Additionally, I’ve investigated packet loss at the NIC interface level and found no anomalies. The bottleneck appears to be related to packet generation, but I’m uncertain about the underlying cause.

I am very new to DPDK so don’t really know how to debug this issue.
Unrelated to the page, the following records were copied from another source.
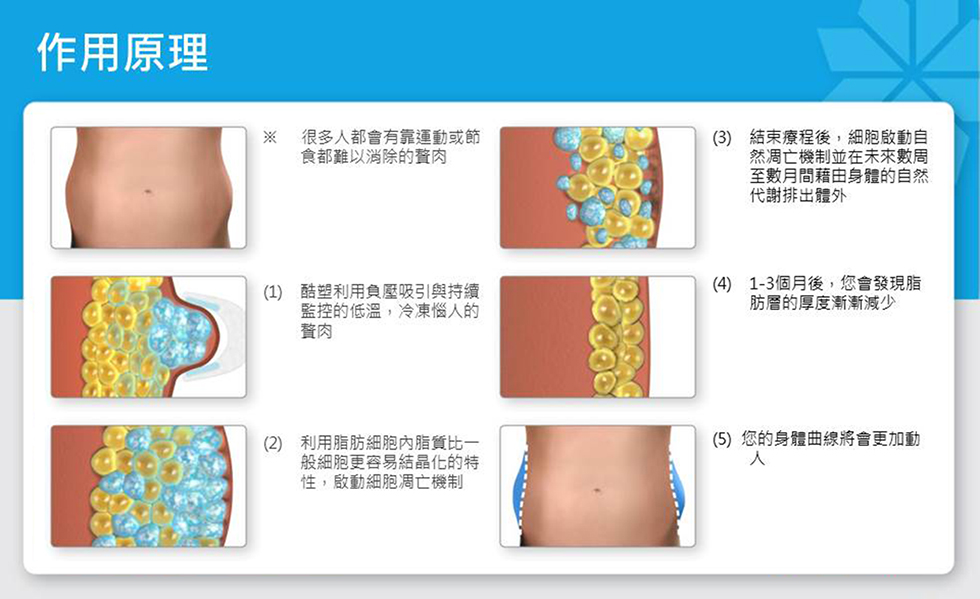 CoolSculpting冷凍減脂 作用原理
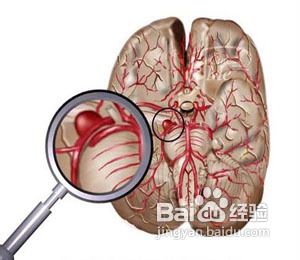 关注健康 血小板增多症的症状有哪些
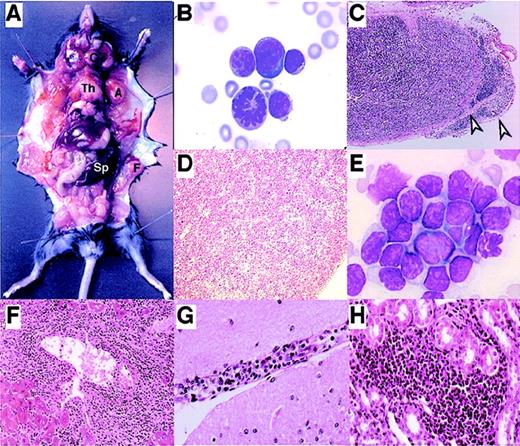 Fig. 2. : Histopathological and cytologic analysis of TEL-JAK2 transgenic mice. / (A) Macroscopic appearance of an F1 transgenic mouse showing hyperplasia of spleen (Sp); thymus (Th); and cervical (C), axillary (A), and femoral (F) lymph nodes. (B) May-Grünwald-Giemsa (MGG) staining of blood smears of transgenic mice. Note the morphology resembling that of prolymphocytes, the size heterogeneity, and the presence of a mitotic cell. (C-E) Histopathology of hematopoietic organs. (C) Thymus showing invasion of the perilobular capsule (white arrows) (HE). (D) Spleen; note the loss of its normal architecture (HE). (E) Bone marrow; note infiltration by leukemic cells (MGG). (F and G) Histopathology of nonhematopoietic organs (HE) showing infiltration of leukemic cells in the (F) pericentrolobular area and sinusoids of the liver (HE) and (G) brain; subarachnoid area (HE). (H) Kidney; infiltration of leukemic cells around peritubular capillaries (HE).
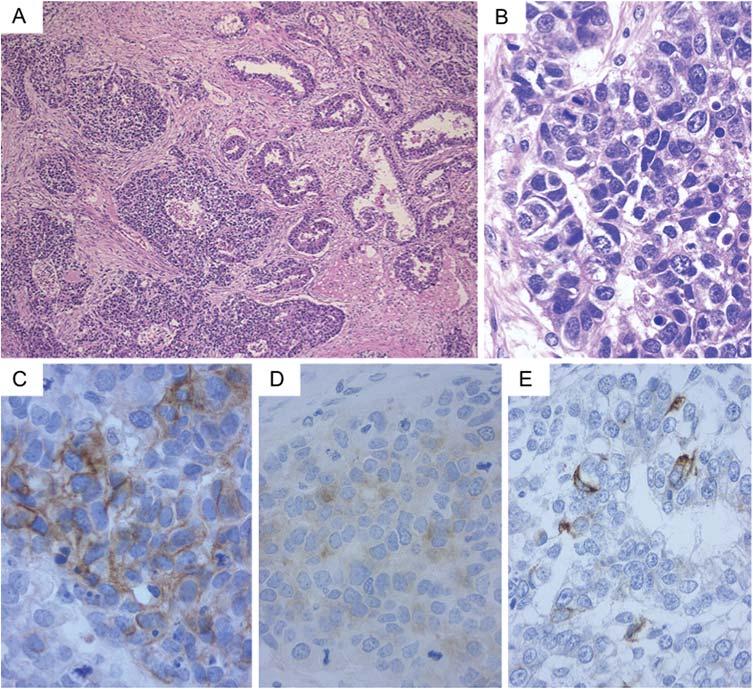 Jpn J Clin Oncol 2011;41(6) 799 Figure 3. Case 1: histological findings of carcinomatous component.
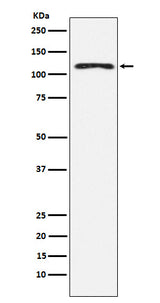 Anti-HLTF Rabbit Monoclonal Antibody Boster Bio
I believe there is something happening between the NIC layer and Openshift.

Additionally, I used the same hardware running kubeadm where I was using the same DPDK and PRoX version with a similar setup and was able to achieve much better performance(at least for the packet generation part – where my current bottleneck occurs).

Can someone point me in the right direction?

I would be happy to provide any other required information

Below are the SUT details:

Nic Model: Ethernet controller: Mellanox Technologies MT2892 Family [ConnectX-6 Dx]

uname -r

5.14.0-284.54.1.rt14.339.el9_2.x86_64



ethtool -i enp216s0f0np0

driver: mlx5_core

version: 5.14.0-284.54.1.rt14.339.el9_2.

firmware-version: 22.35.2000 (MT_0000000359)

expansion-rom-version:

bus-info: 0000:d8:00.0

supports-statistics: yes

supports-test: yes

supports-eeprom-access: no

supports-register-dump: no

supports-priv-flags: yes



## CPU

Architecture:            x86_64

  CPU op-mode(s):        32-bit, 64-bit

  Address sizes:         46 bits physical, 48 bits virtual

  Byte Order:            Little Endian

CPU(s):                  104

  On-line CPU(s) list:   0-103

Vendor ID:               GenuineIntel

  BIOS Vendor ID:        Intel

  Model name:            Intel(R) Xeon(R) Gold 6230R CPU @ 2.10GHz

    BIOS Model name:     Intel(R) Xeon(R) Gold 6230R CPU @ 2.10GHz

Operating System:

cat /etc/os-release

NAME="Red Hat Enterprise Linux CoreOS"

ID="rhcos"

ID_LIKE="rhel fedora"

VERSION="415.92.202402201450-0"

VERSION_ID="4.15"

VARIANT="CoreOS"

VARIANT_ID=coreos

PLATFORM_ID="platform:el9"

PRETTY_NAME="Red Hat Enterprise Linux CoreOS 415.92.202402201450-0 (Plow)"

ANSI_COLOR="0;31"

CPE_NAME="cpe:/o:redhat:enterprise_linux:9::coreos"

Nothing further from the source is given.